One of the pieces of information I put on your drug test form is your birthdate. I'm not precisely sure why this little morsel is the least bit important to the drug testing process, but then again I suppose I've never thought about it or cared enough about it to ask. In any case, it stands to reason that the odds you (as a donor) share a birthday with me (the collector) would be roughly 1 in 365. That's a relatively common occurrence when you consider how many collections I conduct.

Trying to calculate the odds that any given donor is a lunatic is a mite trickier. I'm not sure how I would go about it, but it works out that one out of every three hundred sixty-five of these lunatics shares my birthday. I was lucky enough to meet just such a woman on Monday.
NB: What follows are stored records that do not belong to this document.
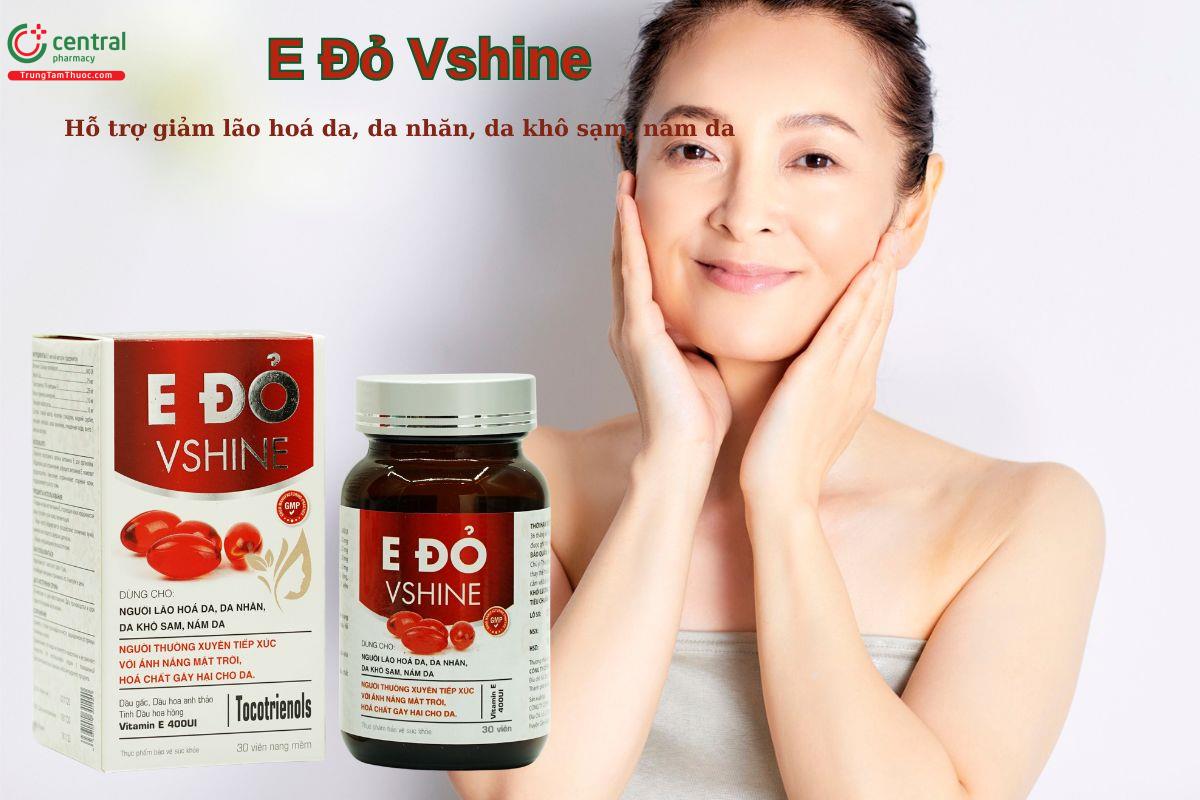 Viên uống E Đỏ Vshine giúp giảm lão hoá da, sạm da, da nám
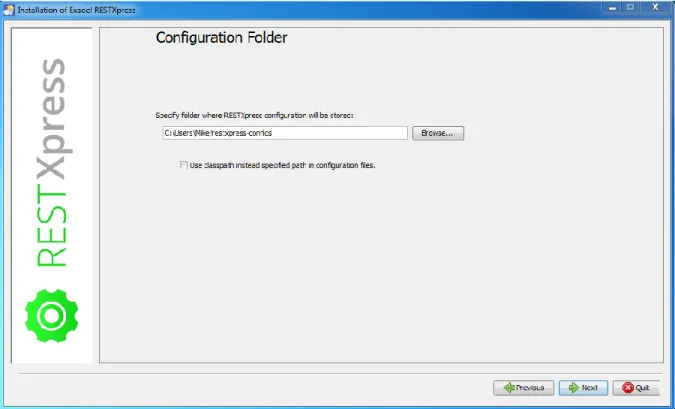 Figure 11 – Configuration Folder window  Click Next.  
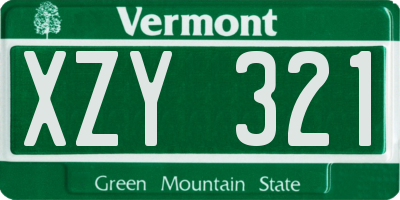 VT license plate XZY321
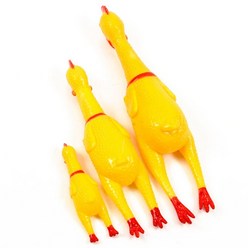 비즈코리아 삑삑이 소리나는 치킨 중형견 엽기닭 대형견 꽥꽥이 장난감, 1개, V015 삑삑이 치킨 대(단일색상)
Ms. Orange, so named for the impossibly orange sweater she was wearing, was a nice enough lady, but she seemed a little off. She asked a lot of weird and irrelevant questions ("Do you think they drug test the animals at the zoo?") and offered up a lot of not-particularly-helpful information ("I only eat organic food and drive a hybrid car -- will that affect anything?"). About the time she started asking if the doctor at our office used "healing crystals" I realized that she would never shut up unless I simply interrupted her, and that's exactly what I did.

"Oh, sorry," apologized Ms. Orange. "Didn't mean to take up so much time. I can't be here that much longer anyway, I have to get to class. I teach flute."

And with that she vanished into the bathroom.

I was just finishing up her paperwork when she emerged with this curious observation: "You were born in May, weren't you? I can tell."

"Come again?"

"Don't get me wrong, there's nothing wrong with that. You just seem... impatient. Not rude or anything, just all-business, you know?"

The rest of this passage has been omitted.